In a literature review, Birkenmaier et al[11] only considered the last functional evaluation, with 2 or more years of follow-up. Other authors[17] do not specify when questionnaires were applied. Therefore, despite the existence of studies demonstrating the superiority of DEPL over MDL due to lesser tissue injury,[7] expressive pain relief and reduced complication incidence,[8] reduced surgical time and better disc height preservation,[18]
[21] we still do not know for sure when pain improves and the required length of stay, since published results are conflicting. This work intends to confirm that DEPL-induced improvement is earlier than usually reported.
The earliest improvement was observed in pain-related questionnaires, followed by functional questionnaires; this may be the result of a postoperative fear, from both patients and physicians, in resuming usual activities due to the risk of a de novo disc herniation.

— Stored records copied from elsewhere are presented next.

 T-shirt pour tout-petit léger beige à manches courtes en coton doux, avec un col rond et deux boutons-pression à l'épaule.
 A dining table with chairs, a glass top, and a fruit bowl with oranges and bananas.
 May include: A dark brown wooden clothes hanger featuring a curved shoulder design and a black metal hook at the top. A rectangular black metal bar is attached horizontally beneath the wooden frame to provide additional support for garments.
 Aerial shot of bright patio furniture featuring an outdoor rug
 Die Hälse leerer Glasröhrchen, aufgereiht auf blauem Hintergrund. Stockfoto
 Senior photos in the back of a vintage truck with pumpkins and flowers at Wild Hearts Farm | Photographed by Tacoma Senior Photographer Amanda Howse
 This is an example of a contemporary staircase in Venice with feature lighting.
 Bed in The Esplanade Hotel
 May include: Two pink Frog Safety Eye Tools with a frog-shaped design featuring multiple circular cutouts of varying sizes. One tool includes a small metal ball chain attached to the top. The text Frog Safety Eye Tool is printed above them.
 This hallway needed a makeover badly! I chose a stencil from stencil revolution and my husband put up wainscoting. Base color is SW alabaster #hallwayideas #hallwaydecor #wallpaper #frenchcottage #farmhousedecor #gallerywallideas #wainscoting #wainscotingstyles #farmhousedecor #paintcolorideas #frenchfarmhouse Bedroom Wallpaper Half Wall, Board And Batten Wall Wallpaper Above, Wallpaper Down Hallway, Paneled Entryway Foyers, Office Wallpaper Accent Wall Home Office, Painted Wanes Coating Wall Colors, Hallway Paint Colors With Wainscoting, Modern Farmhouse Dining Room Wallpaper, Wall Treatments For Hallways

Hospital discharge in less than 6 hours for 100% of the cases is consistent with the description of DEPL as an outpatient surgery. Most studies describe early discharges but fail to quantify its exact timing. In 2009, Lee et al[19] described a series of 25 patients who underwent DELP with a mean length of stay of 0.9 day; however, other series reported later discharges.[22] The literature shows recurrence rates ranging from 0 to 11.1%,[23] with up to 20.9% of reoperation rate;[4] our results are consistent with such findings, with a recurrence rate of 6.45%, and a reoperation rate of 0%.
Conclusion
All 32 patients from this series were discharged within 6 hours of the end of the procedure. Patients present significant improvement of painful and functional symptoms starting at 48 hours postoperatively. Pain and functional scores continued to improve up to 12 weeks after surgery. In this series, functional and pain scores improved earlier than described in the literature for patients undergoing DEPL.